Cabo is where the desert meets the sea, which influenced the region’s history just as much as its present. As I chopped onions and harvested tomatoes for a salsa, my Tamarindo guide told me about how people used to take their boats up to the estuary here where they’d gather water and bury their dead (“That’s why they say our soil is so good,” he added, half laughing). The high water table in the area continues to keep the mango trees — some that date back centuries and produce thousands of mangoes every season — watered without irrigation. If I visited in the winter, he said, everything is ripe but the mangos, including some 20 varieties of tomato.
The Tamarindos cooking school opened in 2010 when many visitors to Los Cabos still had the party reputation fresh in their mind. Now people can schedule a farm tour and dinner and then return to award-winning food at their resort.
On my visit we made tamales wrapped in banana leaves, two different types of salsa, cilantro rice, stuffed peppers, and a banana-leaf-wrapped mango jam with cheese for dessert. Maybe it was the breeze coming off the farm or just the feeling of satisfaction you get when you help pick and prepare a meal, but there was something magical about the relatively simple spread.

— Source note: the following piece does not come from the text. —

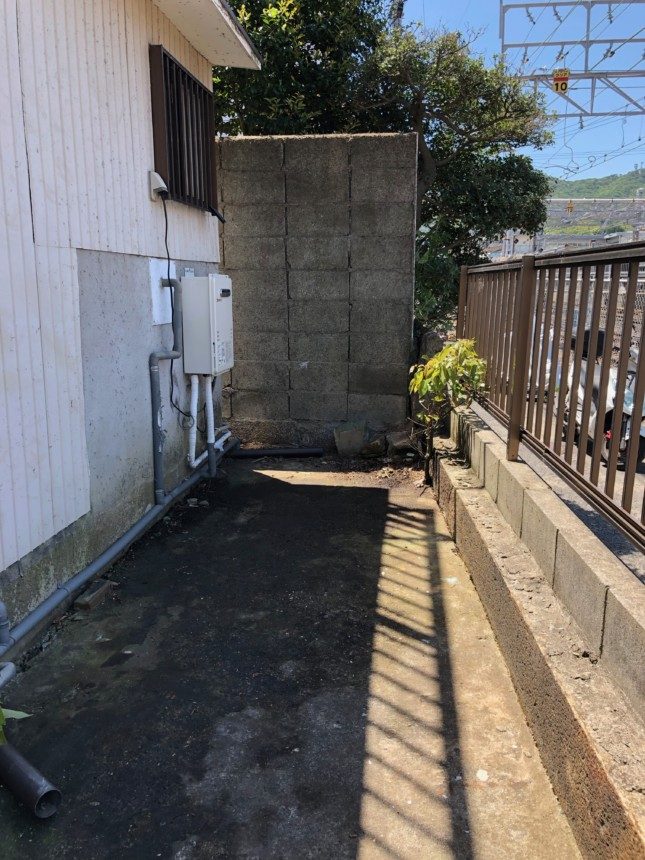 神戸市須磨区で、お部屋と外回りをまとめてお片付け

Though I wasn’t doing the cooking elsewhere in Los Cabos, it wasn’t just the farms where I encountered food with a strong sense of place.

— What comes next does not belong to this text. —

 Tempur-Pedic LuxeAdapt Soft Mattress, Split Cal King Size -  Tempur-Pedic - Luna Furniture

At Cabo Villas, I dined on the largest plate of fresh octopus I’ve ever had followed by sushi made with fish caught from the same bit of the Pacific ocean that crashes onto the beach outside of the resort. Baja Brewing Company, which has a location on a Cabo Villas rooftop, as well as one across from Agave in San José del Cabo, serves elevated brewery food like pizza made with beer and spent brewing grains. The beers themselves range from an easy drinking blonde ale to more experimental stuff that you can only find locally, like the Pelirroja amber ale.
At Casa Dorada, the on-site 12 Tribes restaurant dishes ceviche and award-winning tacos that draw inspiration from different parts of Mexico. Some favorites were the villamelón made with a thin-cut meat typical to the town of Yecapixtla in central Mexico, as well as the Baja urbana taco made with tempura shrimp inside of chorizo and topped with a habanero salsa.
My experience at the resorts is further proof that to dine well in Cabo no longer means shelling out large sums of money or resigning yourself to questionable all-inclusive resort options.
Though for some of the best eating and cultural immersion in the area, schedule your trip around a Thursday in San José del Cabo.
A bright future
Every Thursday from November to June, San José del Cabo hosts the San José Art Walk. Galleries line the street, and dining and entertainment is everywhere you look.
“Before the pandemic,” Patricia Mendoza of Patricia Mendoza Art Gallery tells me, “we had paella and food and wine and flamenco outside. An artist and chef came and made food to be inspired by the pieces, and a sommelier did wine pairings.”
When it’s safe to do so, that will return. Meanwhile, Mendoza’s gallery showcases local and international artists, and the courtyard has a small bar filled with hard-to-find mezcals served in the traditional method.
The art walk, chef Gómez of Agave told me over dinner, “is what made this place.” The plan when galleries are once again able to open in full is to provide small plate options along with agave-based spirits like tequila, mezcal, and sotol. The region continues to bring chefs and bar workers who prepare world-class food and drinks that you don’t have to be food obsessed to appreciate.
If the food and drinks at Agave — as well as many of the other restaurants in the area I tried — are any indication, Los Cabos will quickly become just as known for quality dining as it once was for parties.